# Problem statement:
Only the text of the records, copied exactly, is wanted; no pictures.

Web page caption snippets
*****
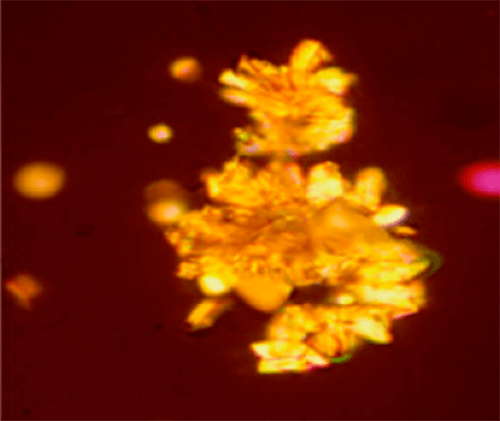 Figura 31. Agregado gigantesco (alrededor de 500 µm) de cristales de ácido urico (100X, microscopia polarizada). Muy alto riesgo litogeno. Fuente: Dalet, Fernando. El sedimento urinario: ¿qué hay de nuevo en algo tan viejo?. Act Fund Puigvert 1999;18(3):135-48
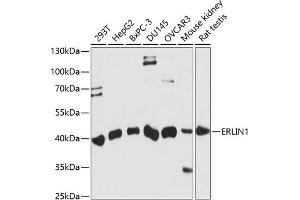 Western blot analysis of extracts of various cell lines, using ERLIN1 antibody (ABIN7267005) at 1:1000 dilution. (ERLIN1 Antikörper  (AA 259-348))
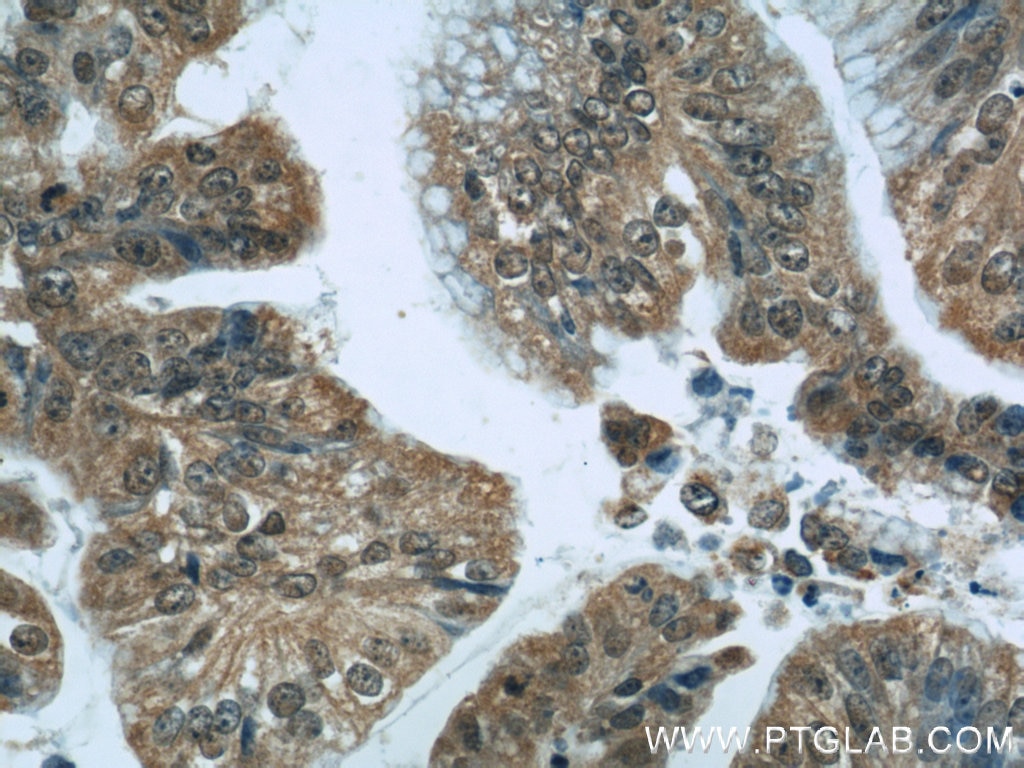 IHC staining of human ovary tumor using 21906-1-AP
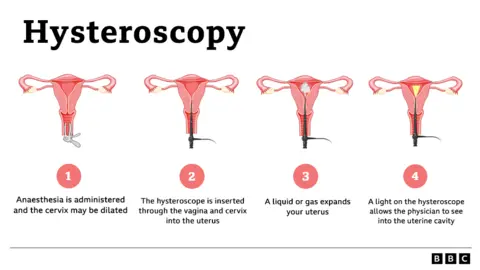 Infographic: What is a hysteroscopy?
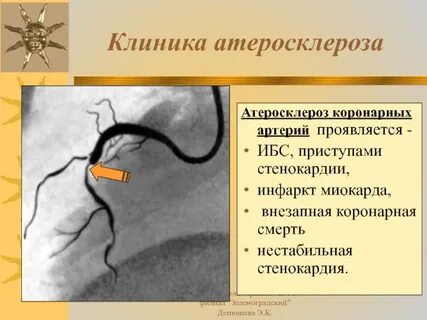 Атеросклероз коронарных артерий код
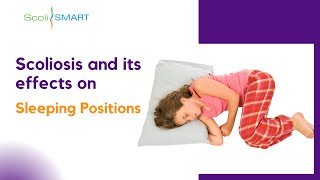 Scoliosis and its effects on sleeping positions sleepingpositions scolismart Scoliosis [upl. by Dorene]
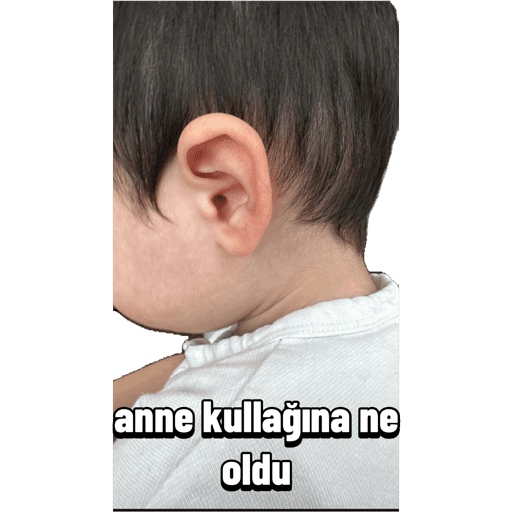Çalmaçıkartmalarımı 24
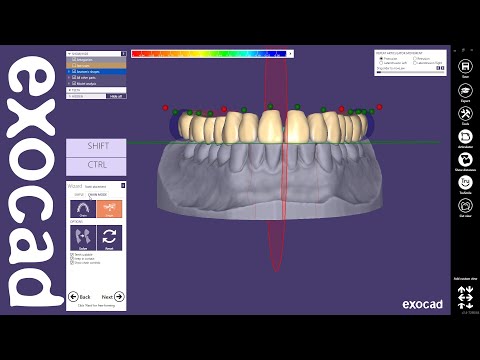 Tutorial: Designing a single arch denture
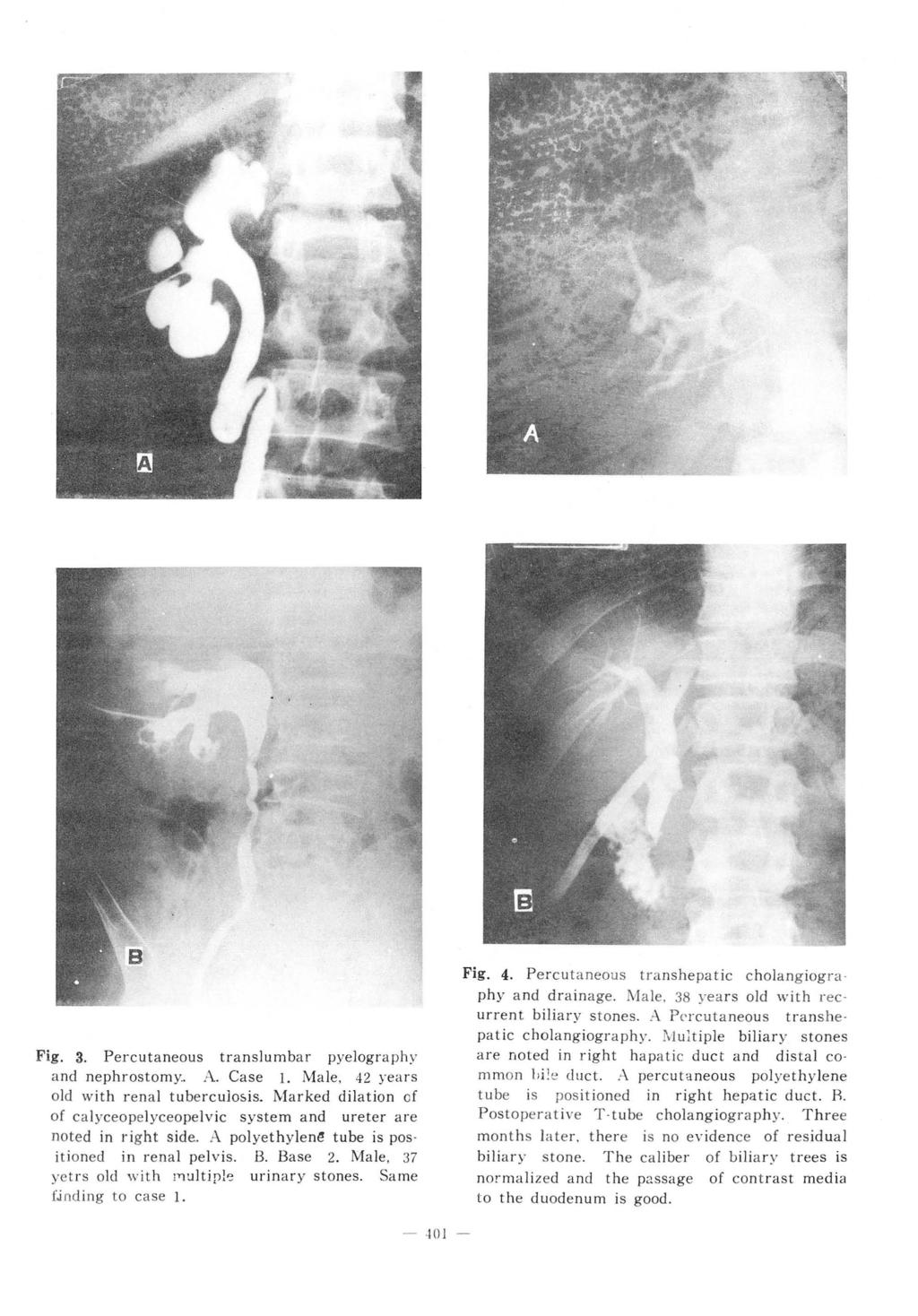 Fig. 3. Percutaneous translumbar pyelography and nephrostomy.. A. Case 1. Male. 42 yea rs old with renal tubercuìosis.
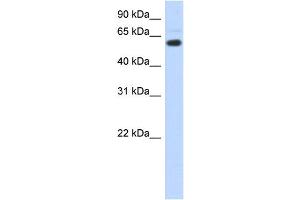 WB Suggested Anti-CDYL Antibody Titration:  0. (CDYL anticorps  (N-Term))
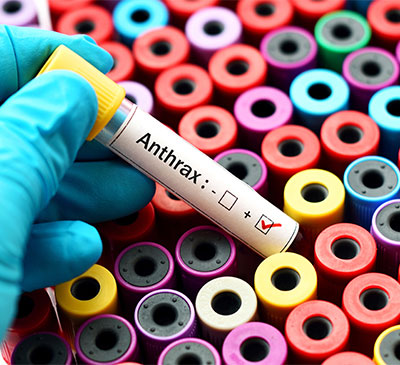 Global Anthrax Therapeutics Market 2019-2023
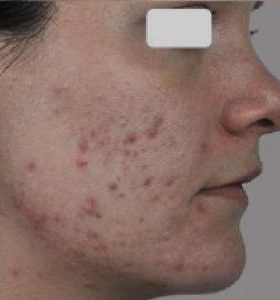 Before — Acne treatment
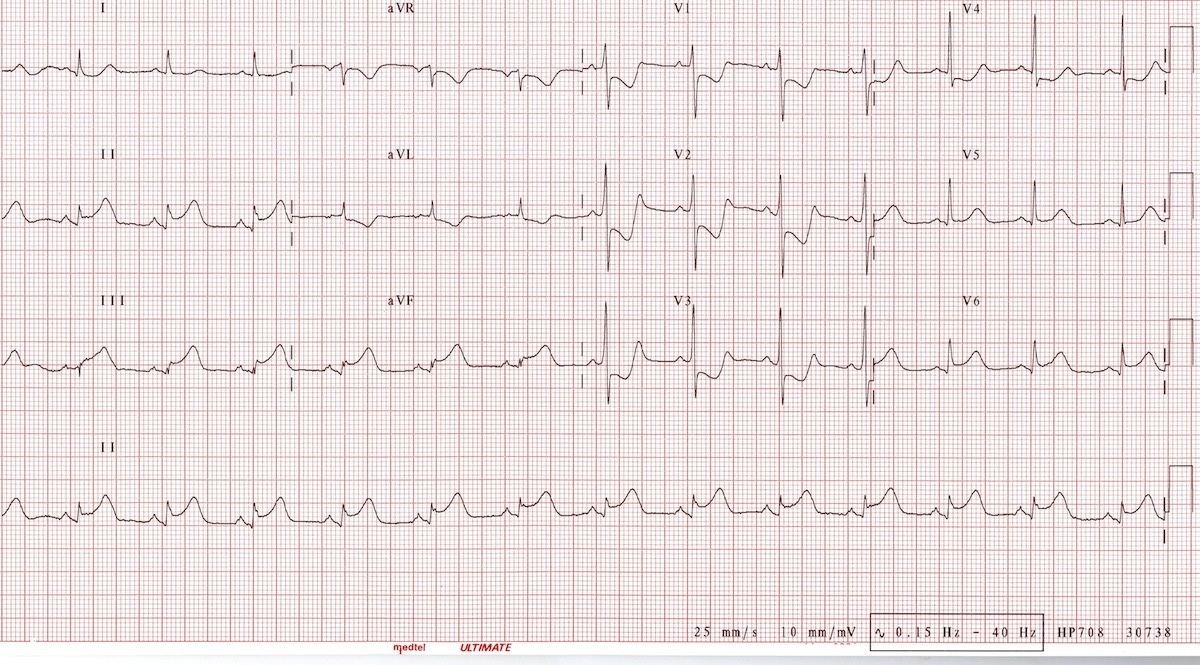 ECG for Geelong SAQ 022 question 5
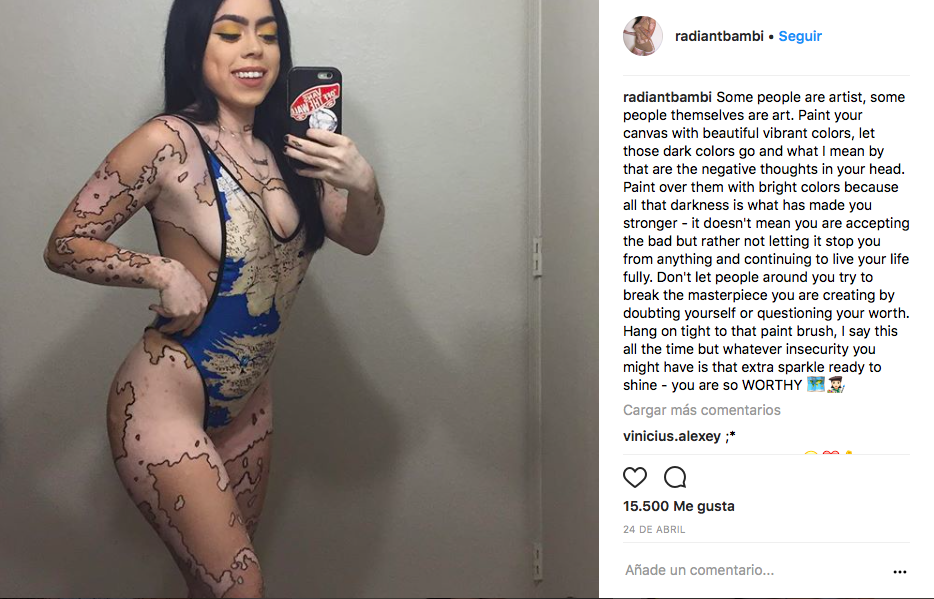 Ash Soto posa en bikini para su cuenta de Instagram. La joven muestra sus manchas, a causa de vitiligo, como una obra de arte.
*****
# Expected answer:
 Figura 31. Agregado gigantesco (alrededor de 500 µm) de cristales de ácido urico (100X, microscopia polarizada). Muy alto riesgo litogeno. Fuente: Dalet, Fernando. El sedimento urinario: ¿qué hay de nuevo en algo tan viejo?. Act Fund Puigvert 1999;18(3):135-48
 Western blot analysis of extracts of various cell lines, using ERLIN1 antibody (ABIN7267005) at 1:1000 dilution. (ERLIN1 Antikörper  (AA 259-348))
 IHC staining of human ovary tumor using 21906-1-AP
 Infographic: What is a hysteroscopy?
 Атеросклероз коронарных артерий код
 Scoliosis and its effects on sleeping positions sleepingpositions scolismart Scoliosis [upl. by Dorene]
Çalmaçıkartmalarımı 24
 Tutorial: Designing a single arch denture
 Fig. 3. Percutaneous translumbar pyelography and nephrostomy.. A. Case 1. Male. 42 yea rs old with renal tubercuìosis.
 WB Suggested Anti-CDYL Antibody Titration:  0. (CDYL anticorps  (N-Term))
 Global Anthrax Therapeutics Market 2019-2023
 Before — Acne treatment
 ECG for Geelong SAQ 022 question 5
 Ash Soto posa en bikini para su cuenta de Instagram. La joven muestra sus manchas, a causa de vitiligo, como una obra de arte.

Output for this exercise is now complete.